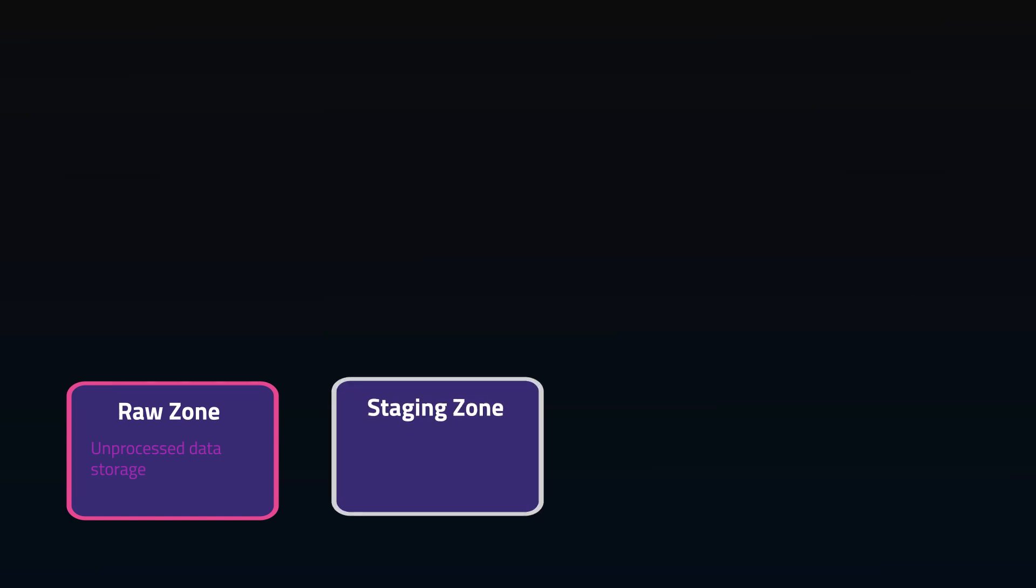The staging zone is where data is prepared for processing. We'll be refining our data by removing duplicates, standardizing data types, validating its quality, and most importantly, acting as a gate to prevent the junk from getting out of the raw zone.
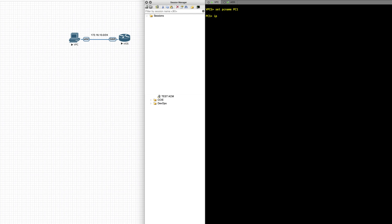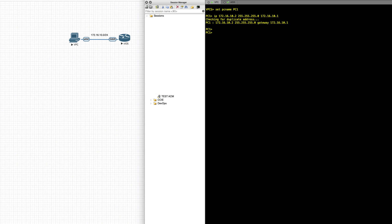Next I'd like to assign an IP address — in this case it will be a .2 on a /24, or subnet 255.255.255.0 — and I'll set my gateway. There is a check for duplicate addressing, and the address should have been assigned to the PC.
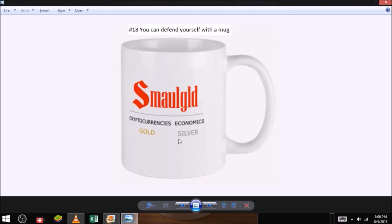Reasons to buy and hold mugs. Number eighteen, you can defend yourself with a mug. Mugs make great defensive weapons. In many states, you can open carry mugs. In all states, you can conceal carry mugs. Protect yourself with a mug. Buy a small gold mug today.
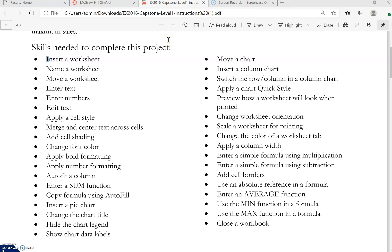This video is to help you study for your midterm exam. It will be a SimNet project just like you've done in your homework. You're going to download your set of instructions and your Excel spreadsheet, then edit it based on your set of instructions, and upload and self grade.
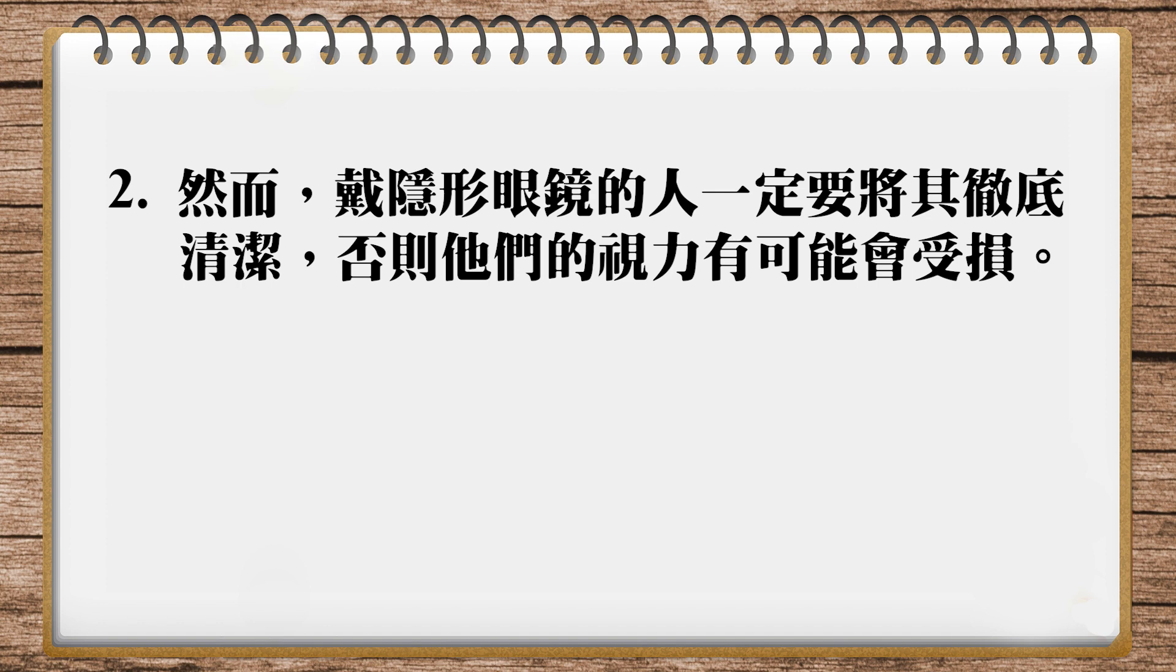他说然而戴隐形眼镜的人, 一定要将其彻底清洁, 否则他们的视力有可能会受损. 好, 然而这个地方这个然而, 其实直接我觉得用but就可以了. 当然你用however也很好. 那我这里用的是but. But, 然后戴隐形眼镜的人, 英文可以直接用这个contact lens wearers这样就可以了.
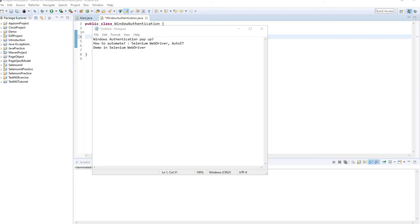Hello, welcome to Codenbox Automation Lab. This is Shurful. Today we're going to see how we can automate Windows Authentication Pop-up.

**To do:** Your answer should be an exact copy of the entries above, with no images included.

**Answer for the task:**
The staging zone is where data is prepared for processing. We'll be refining our data by removing duplicates, standardizing data types, validating its quality, and most importantly, acting as a gate to prevent the junk from getting out of the raw zone.
Next I'd like to assign an IP address — in this case it will be a .2 on a /24, or subnet 255.255.255.0 — and I'll set my gateway. There is a check for duplicate addressing, and the address should have been assigned to the PC.
Reasons to buy and hold mugs. Number eighteen, you can defend yourself with a mug. Mugs make great defensive weapons. In many states, you can open carry mugs. In all states, you can conceal carry mugs. Protect yourself with a mug. Buy a small gold mug today.
This video is to help you study for your midterm exam. It will be a SimNet project just like you've done in your homework. You're going to download your set of instructions and your Excel spreadsheet, then edit it based on your set of instructions, and upload and self grade.
他说然而戴隐形眼镜的人, 一定要将其彻底清洁, 否则他们的视力有可能会受损. 好, 然而这个地方这个然而, 其实直接我觉得用but就可以了. 当然你用however也很好. 那我这里用的是but. But, 然后戴隐形眼镜的人, 英文可以直接用这个contact lens wearers这样就可以了.
Hello, welcome to Codenbox Automation Lab. This is Shurful. Today we're going to see how we can automate Windows Authentication Pop-up.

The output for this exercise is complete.